Well, yes, the Republican position is clear -- no tax hikes for anyone, no matter how rich, and no matter how much it strains government finances! The notion that they would be any more willing to ameliorate this position after the election than they were before is absurd. Obama announced that he had appointed Treasury Secretary Tim Geithner and Budget Director Jack Lew to "to work with reps of both parties to break through the logjam," but it's very difficult to see where the White House will be able to exert any leverage in its own favor.
The president is in a weak position, but the remorseless logic of the tax cuts -- if no action is taken, all the Bush tax cuts will expire at the end of this year -- requires that the two parties come to some kind of agreement on how to move forward. So there is plenty of room for dramatic posturing -- for exactly the kind of attempts to "work the Washington spin cycle" that the president decried in his remarks to reporters. For example, Bloomberg and the Huffington Post are both reporting that Senate and House Democrats are planning to hold a "stand-alone" vote on whether to extend only the tax cuts for the middle class (currently defined as Americans earning less than $250,000 a year).

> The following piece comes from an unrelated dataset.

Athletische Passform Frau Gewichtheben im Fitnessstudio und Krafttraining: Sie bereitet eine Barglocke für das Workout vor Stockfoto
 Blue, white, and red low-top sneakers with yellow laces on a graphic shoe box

Senate Democrats are well aware that they can't get 60 on that vote. They have two goals, according to the Huffington Post. The first is to make it clear where each side stands; that is, they want to frame Republicans as holding middle-class tax cuts hostage while defending the interests of the wealthiest Americans. With that goal accomplished, the apparent hope is that Republicans will concede a "grab bag" of goodies in exchange for a deal extending all or most of the tax cuts. This grab bag supposedly includes an extension of unemployment benefits and other tax credits also due to expire.
But it's hard to see why Republicans should make any concessions at all. The public is already well aware of where Republicans stand. Before the midterm elections, there was at least the potential that the symbolism of Republicans' voting against an extension of middle-class tax cuts would take some political toll. But after the election, the Republicans have literally nothing to lose. Suppose the truly apocalyptic denouement happens -- no deal is reached, and taxes rise for everyone. Who gets the blame? The party in power, once again proving its inability to govern effectively? Or the party in opposition, claiming to defend all Americans from tax hikes?
In his remarks to reporters after the meeting, President Obama made it clear that he would "work hard to make sure that tax cuts will not go up for hardworking middle-class Americans before the end of the year." And while he declared that "permanently" extending tax cuts for the wealthy was both "unwise and unfair," his use of the word "permanent" continued to open the door to a temporary extension of all the tax cuts.
So what's the end game here? The best scenario for Democrats is to restrain Republicans from a "permanent" extension of all the Bush tax cuts while getting the fig leaf of something like an extension of unemployment benefits of return. But that's not much of a victory, and it doesn't even seem all that likely.